Output only the lines below from the one containing "Island, Hallway, Entryway" to the one containing "14K Yellow Gold", exactly as written, both ends kept.

__Input for this task__.
※
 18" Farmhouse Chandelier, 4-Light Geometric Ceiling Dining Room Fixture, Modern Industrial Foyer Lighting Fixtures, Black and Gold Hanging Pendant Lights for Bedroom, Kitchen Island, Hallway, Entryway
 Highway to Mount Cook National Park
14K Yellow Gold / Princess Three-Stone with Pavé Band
※
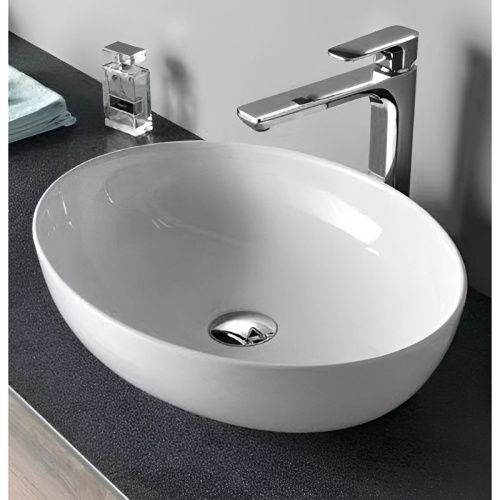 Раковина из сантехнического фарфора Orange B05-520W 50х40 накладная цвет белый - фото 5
※
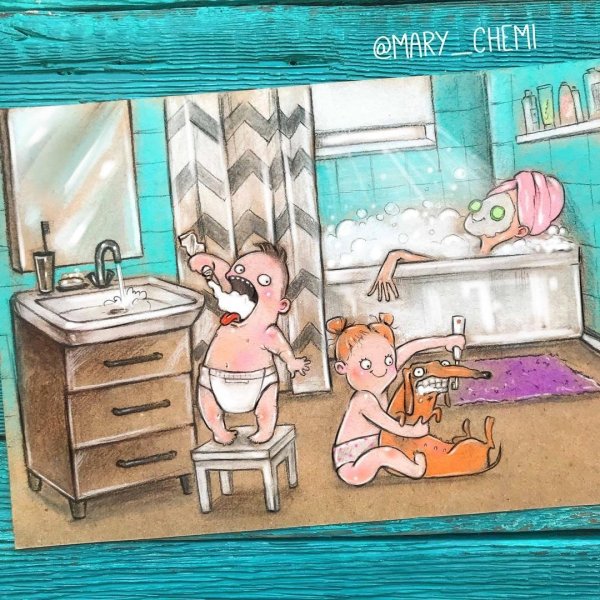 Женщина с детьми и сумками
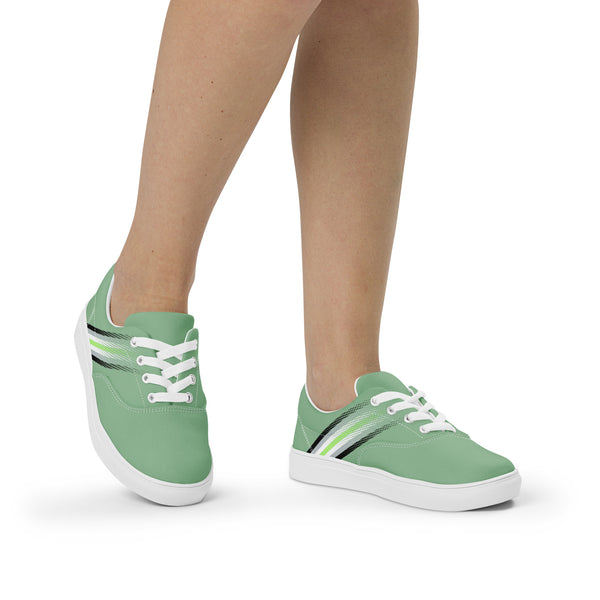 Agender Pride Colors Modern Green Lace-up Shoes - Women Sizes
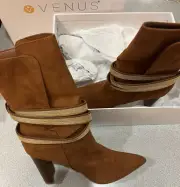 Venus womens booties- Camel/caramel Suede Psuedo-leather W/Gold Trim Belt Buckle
※
__Result of the task__.
 18" Farmhouse Chandelier, 4-Light Geometric Ceiling Dining Room Fixture, Modern Industrial Foyer Lighting Fixtures, Black and Gold Hanging Pendant Lights for Bedroom, Kitchen Island, Hallway, Entryway
 Highway to Mount Cook National Park
14K Yellow Gold / Princess Three-Stone with Pavé Band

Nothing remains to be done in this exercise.